Focused, Skillful, Challenging

The Essentials of Short Storytelling

Short Stories

The novel may be seen as the pinnacle of literary art, but the short story may be more true to the way we remember our lives—not in long, lumbering narratives, but in flashes, like summer lightning or a brief spring rain. Pointed, challenging, and demanding a high level of focus and skill, the short story has a long and noble history, with masters like Edgar Allen Poe, Ernest Hemingway, Flannery O’Connor, and Joyce Carol Oates included among its practitioners. The collections featured here are culturally diverse and run the gamut of human emotion; beautifully crafted, they are sure to entertain, provoke, and inspire.

Masks in the Tapestry

Book Cover
Jean Lorrain
Brian Stableford, translator
Snuggly Books
Softcover $9.99 (116pp)
978-1-943813-37-7
Buy: Local Bookstore (Bookshop), Amazon

Jean Lorrain is the pen name of Paul Alexandre Martin Duval (1855-1906), a French writer and journalist who, though he was one of the leading figures of the Decadent Movement, is remembered today mainly for his duel with Marcel Proust (both survived). His tales of queens, knights, princes, princesses, visions, and quests, ably translated by Brian Stableford, are almost trance-inducing in the beauty of their language, and their overall effect is that of gazing on stained-glass windows, each depicting a mythical adventure as they glow and dip into shadow with the changing light.
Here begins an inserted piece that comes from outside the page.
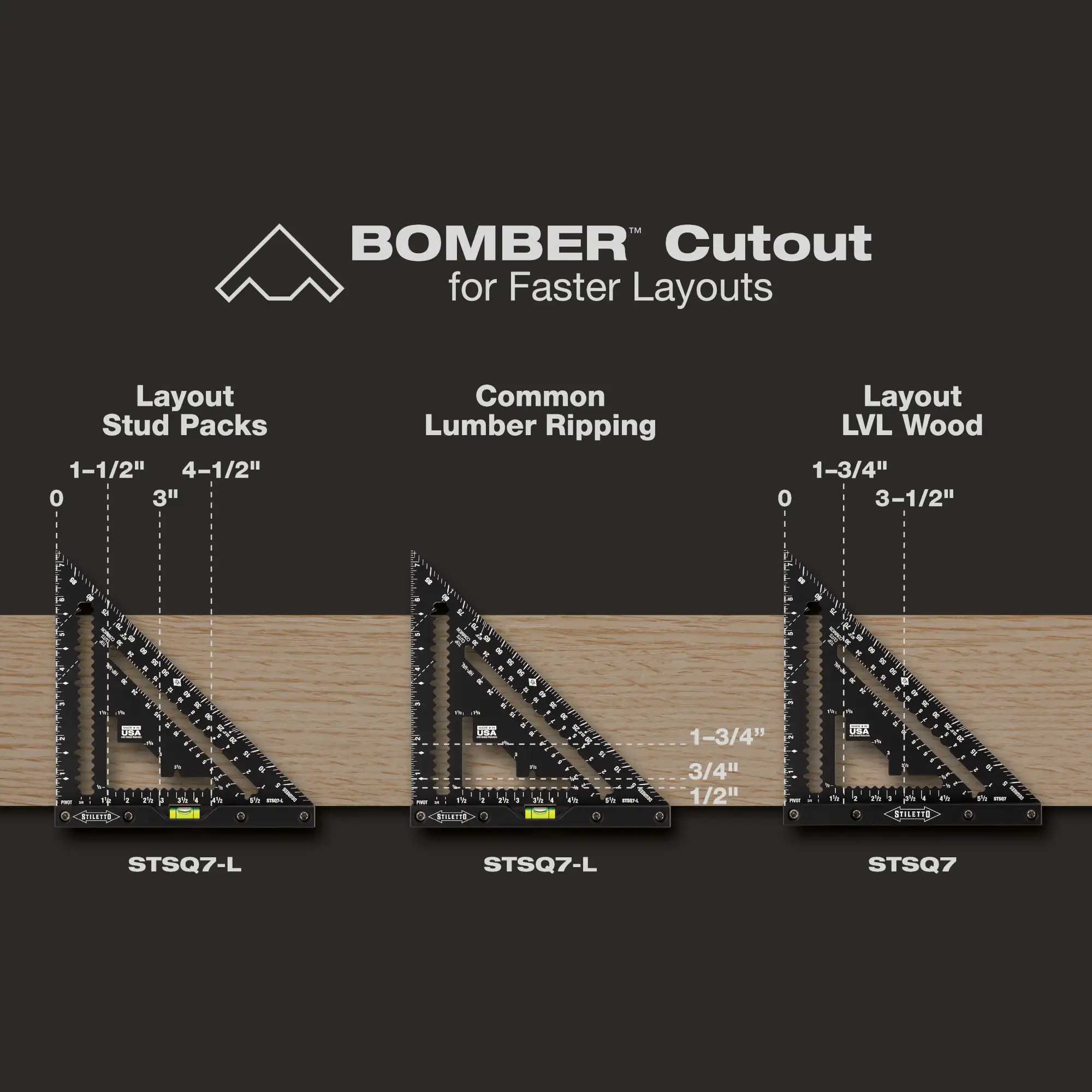 STILETTO STSQ7-L 7" Carpenter Square w/ Bomber Layout Notches & Built-in Level - Image 3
A young prince, the fruit of his mother’s adultery, was harshly raised in a cloister according to her orders. He has been taught to hate love, women, and “everything that flourishes under heaven.” Having vowed to kill the unfaithful knight who fathered him, he sets off on a quest seeking vengeance but finds something very different. Other tales include that of a young woman whom jealous fays have transformed into a hideous serpent awaiting only the kiss of her rescuer, of journeys to mysterious forests where luminous female forms appear in the treetops, and of the promise of a sleep that will “close the wounds of memory,” an offer that is tempting but is refused in favor of the rigors of life.

Such tales of enchantment and intoxicating beauty are typically thought to be for children, but it would be a precocious child indeed who would appreciate Lorrain’s masterful use of language or comprehend the situations that drive the protagonists’ quests.

Best enjoyed in a quiet place, these are fairy tales for adults to savor.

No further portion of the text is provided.